My latest foodie obsession – a subset of my quest to to become a competent bread-baker – is mastering sourdough. Talk about weird. Yesterday on target I had a rye starter mix is bubbling and frothing away. I’d moved it kind of everywhere in the house to find a good spot (who has a 80 degree place in their house 24 hours a day?). Problem is, the starter was giving off quite an odor right away, one curiously reminiscent of some of the more filthy underbelly aspects of a wood pulping operation (memories of 2 AM shift walks… [ shudder! ]). Had my starter gone bad? How could I tell if it did? What next? Why am I trusting the internet for all this information?

So very early on in my sourdough-making experiment the process turned from exact recipe following (my preferred method) to a half-assed scientist’s experiment. Using a combination of this know-it-all’s elaborate recipe, the sourdough starter available to me at the local health food store, salt, yeast, and flours (three in total) I made a loaf. The whole family kept tabs on it all day – the kids checking each rise and the baking thereof – and we waited until Ralph got home to try it.

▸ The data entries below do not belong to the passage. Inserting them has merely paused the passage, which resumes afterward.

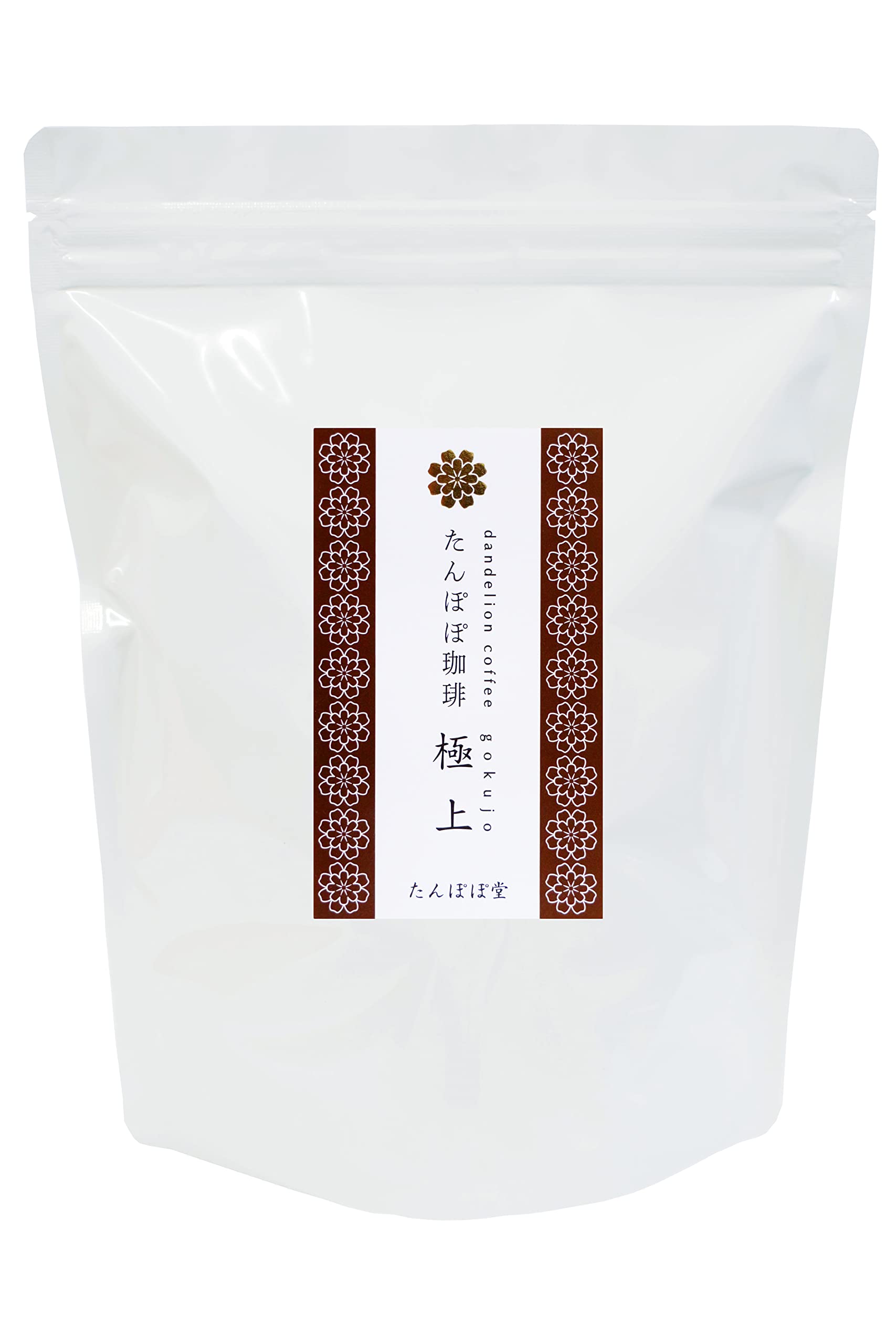 Amazon.co.jp: たんぽぽ堂 たんぽぽコーヒー極上 55パック タンポポ茶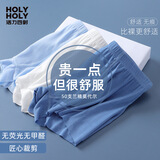 活力四射（hzasz）儿童内裤男抑菌3条装A类莫代尔平角底裤中大童青少年男孩四角短裤 K9243深蓝+浅蓝+白色 3条 130cm (体重40-50斤)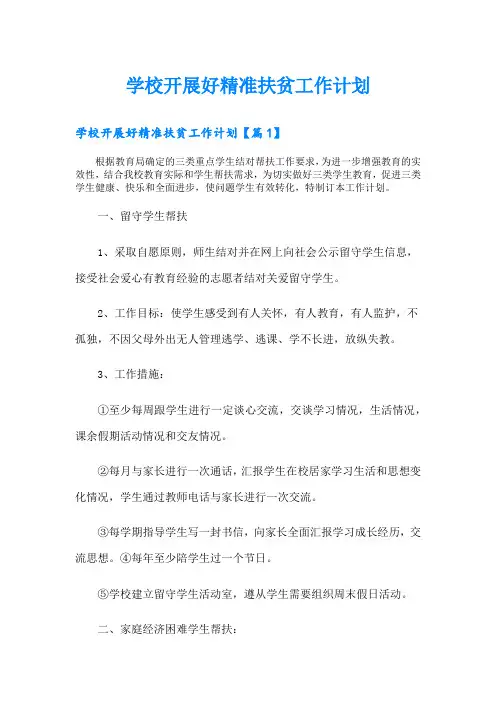 学校开展好精准扶贫工作计划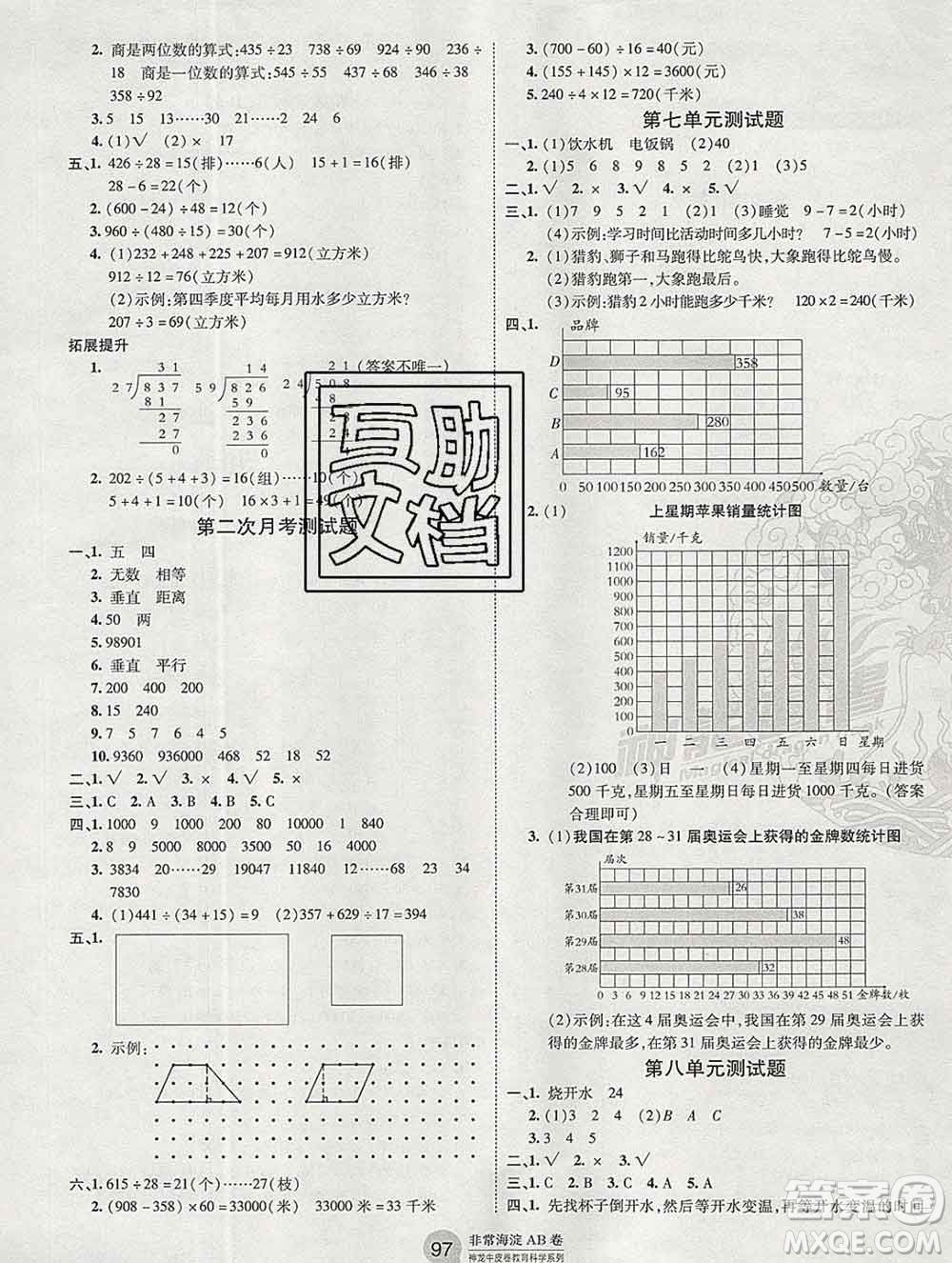 2019秋非常海淀單元測試AB卷四年級數(shù)學(xué)上冊人教版答案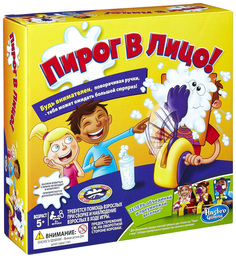 Настольная игра HASBRO GAMING E2762121 Пирог в лицо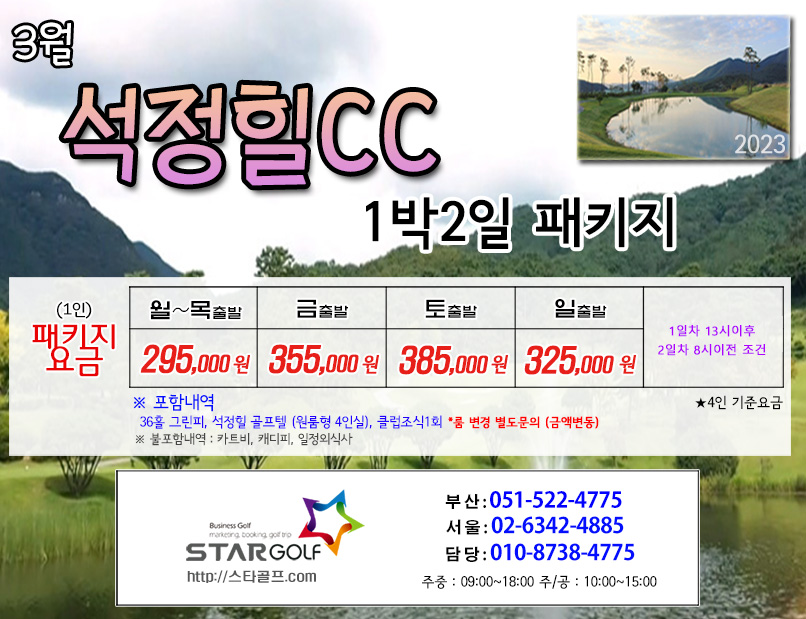3월 석정힐cc 1박2일골프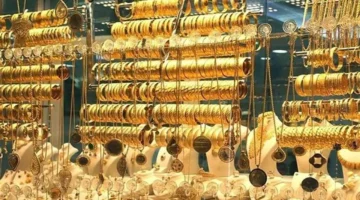 سجل أسعار الذهب قمة تاريخية قبل تصحيح محدود وترقب صعود جديد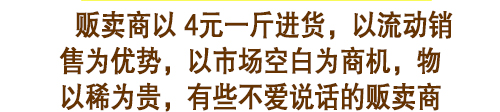 花生豆腐,花生豆腐机,花生豆腐加盟,水蛋白花生豆腐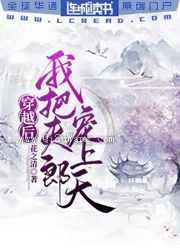 穿越后我把夫郎宠上天图片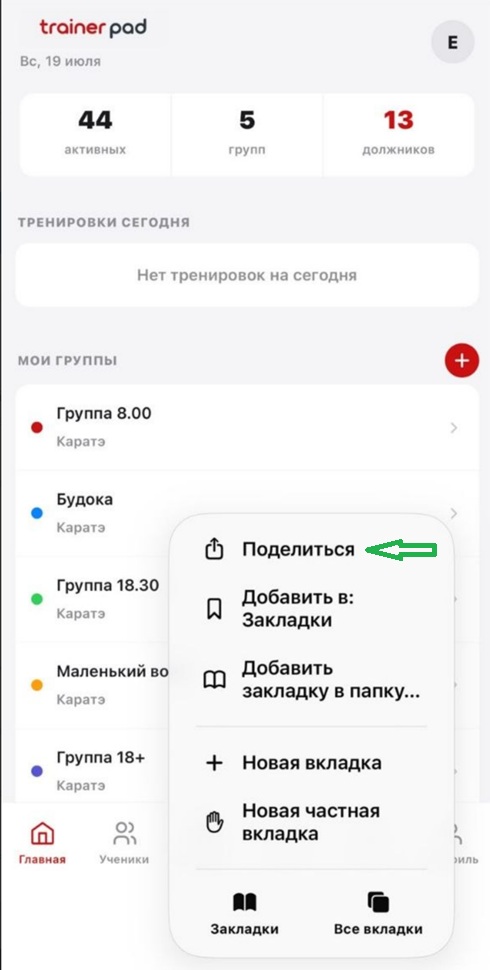 Скриншот установки iPhone шаг 2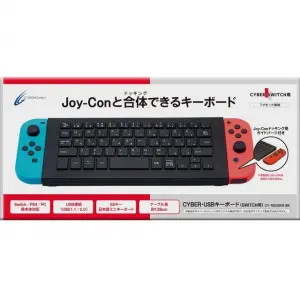 CYBER ・USB Keyboard for Nintendo Switc...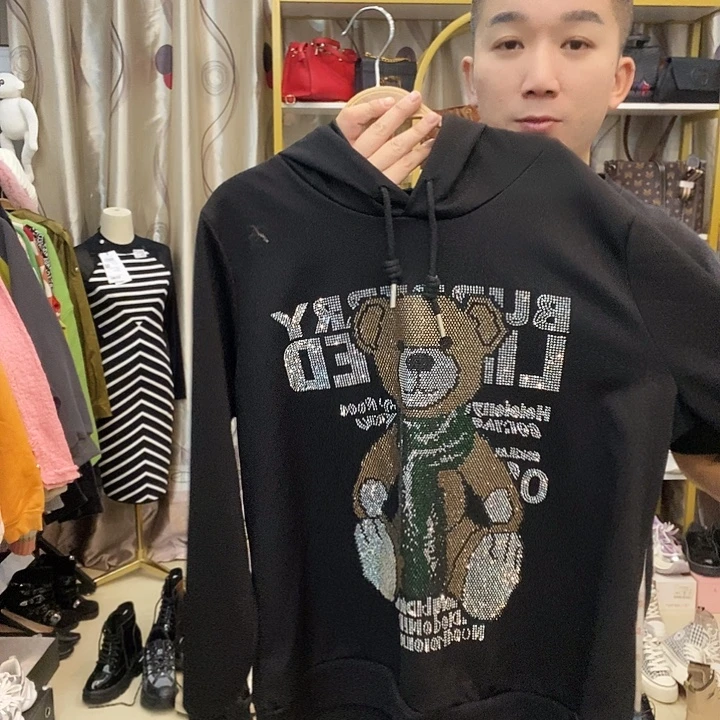 女装新款韩版修身休闲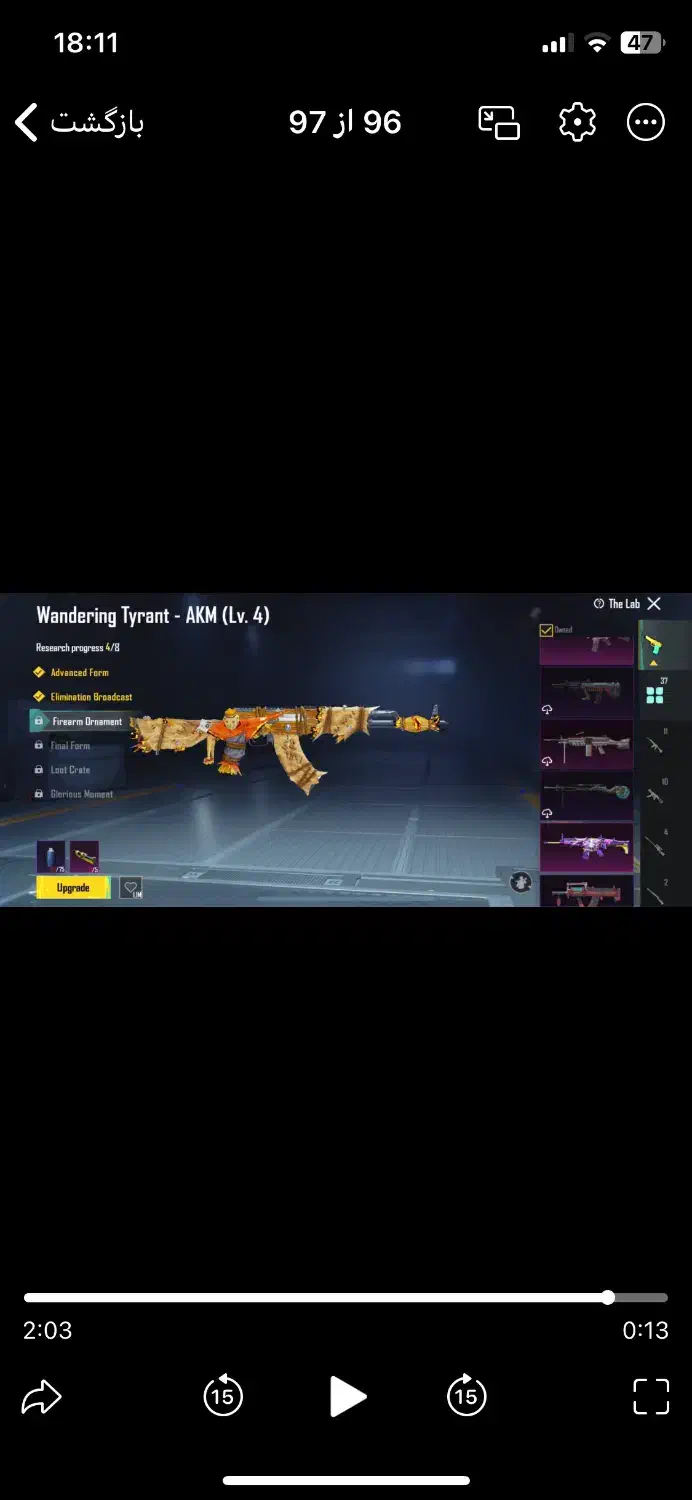 اکانت پابجی موبایل|کنسول، بازی ویدئویی و آنلاین|شیراز, لشکری‎|دیوار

Success! It was a tasty bread. The loaf, once cooled (it was quite pretty) was promptly divided and ravaged in a total of four different households (a tiny heel remains in my breadbox). As for me, although I had a piece, the smell of the starter lingered in my olfactory memory and it was basically a mental taint.

Also baked: chocolate rye coffee cake, pumpernickel rolls. Today: homemade marshmallows.